Mary Tanagho Ross—Public Counsel Appellate Staff Attorney

Mary Tanagho Ross is an appellate staff attorney at Public Counsel, the nation’s largest pro bono law firm.  Ms. Tanagho Ross is part of the Immigrants’ Rights Project where she oversees appellate litigation in state and federal court on behalf of unaccompanied immigrant children seeking humanitarian relief.  She is lead counsel in a federal class action lawsuit challenging the government’s unlawful denial of relief to immigrant children seeking Special Immigrant Juvenile Status (J.L. et al. v. Lee Francis Cissna et al., U.S.D.C. N.D. Cal., Case No. 5:18-CV-04914).  Ms. Tanagho Ross also oversees appeals before the Board of Immigration Appeals and the Ninth Circuit Court of Appeals. 

Prior to her work at Public Counsel, Ms. Tanagho Ross worked at a prominent civil rights law firm where she represented plaintiffs in international human rights and civil rights litigation.  Ms. Tanagho Ross represented plaintiffs in class wide gender discrimination claims (Dukes v. Walmart, Case No. 3:01-cv-02252 (N.D. Cal. 2013) and in claims brought under the Trafficking Victims Protection Act (TVPRA) (Ratha et al. v. Phatthana Seafood Co., Ltd. et al., No. CV 16-42771-JFW (C.D. Cal.).  Ms. Tanagho Ross has been repeatedly recognized in the Southern California Super Lawyers Rising Stars list. 

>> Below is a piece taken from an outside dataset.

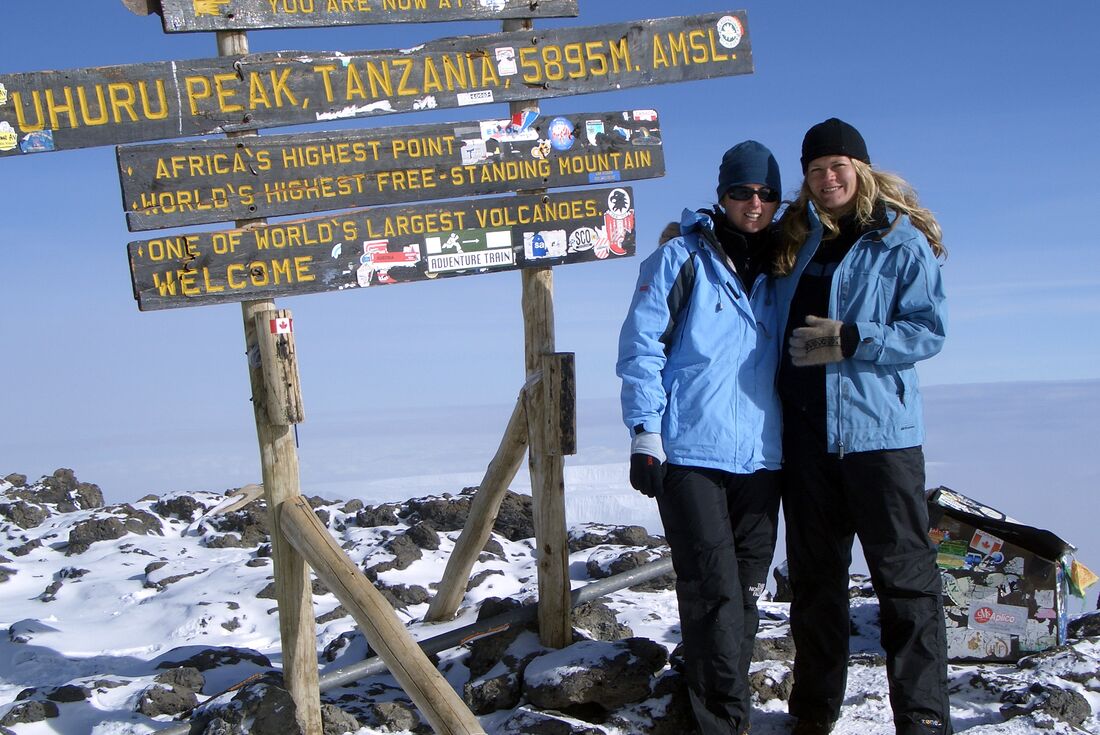 Hikers stand by sign as they reach peak of Mount Kilimanjaro with snow covered ground behind them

Ms. Tanagho Ross received her J.D. from UCLA School of Law where she was part of the Public Interest Program.  After law school, she completed a federal clerkship in the U.S. District Court for the District of Nevada where she focused on civil rights claims.  Ms. Tanagho Ross received her undergraduate degree from the University of Southern California.

Elizabeth Rieser-Murphy—Legal Aid Society Immigrant Youth Project Staff Attorney

Elizabeth Rieser-Murphy is a Staff Attorney in the Federal Practice at The Legal Aid Society’s Immigration Law Unit in New York City. As a Staff Attorney, she represents unaccompanied immigrant children in federal courts, New York family courts, immigration courts, and administrative proceedings. She has worked with unaccompanied minors in Texas, D.C., Maryland, Virginia, and New York. A graduate of the University of Miami Law School, she also holds a Master's Degree in Education from New York University and a Bachelor's Degree in International Relations from University of Delaware. Prior to law school, Elizabeth worked as middle school teacher in the Bronx, NY.

 
Tina Romero—Legal Aid Society Immigrant Youth Project Staff

Tina Romero is staff attorney at the Legal Aid Society.  She has specialized in immigrant youth representation since 2009.  In addition to providing direct representation in state and immigration courts on behalf of her clients, she advises the Legal Aid Society's Juvenile Rights Practice on immigration matters, and provides regular trainings to advocates, judges, and pro bono attorneys.  She is part of the team representing the class of immigrant youth from New York City who successfully challenged USCIS’s unlawful over-18 denial policy in R.F.M. v. Nielsen.  In 2017 she was appointed to the Advisory Council on Immigration Issues in Family Court by Chief Administrative Judge Marks.  Since 2014, she has taught an externship each spring semester at Columbia Law School on immigrant youth advocacy.  That same year she assisted in the creation of the ICARE coalition to ensure unaccompanied children in New York City obtained representation in immigration court.  She leads the New York City SIJS Advocates' group, which convenes to find solutions to obstacles advocates face when pursuing SIJS.  Tina graduated from the University of Notre Dame in 2001.  She received her J.D. from Loyola University Chicago School of Law in 2005.  She is admitted in New York and Illinois.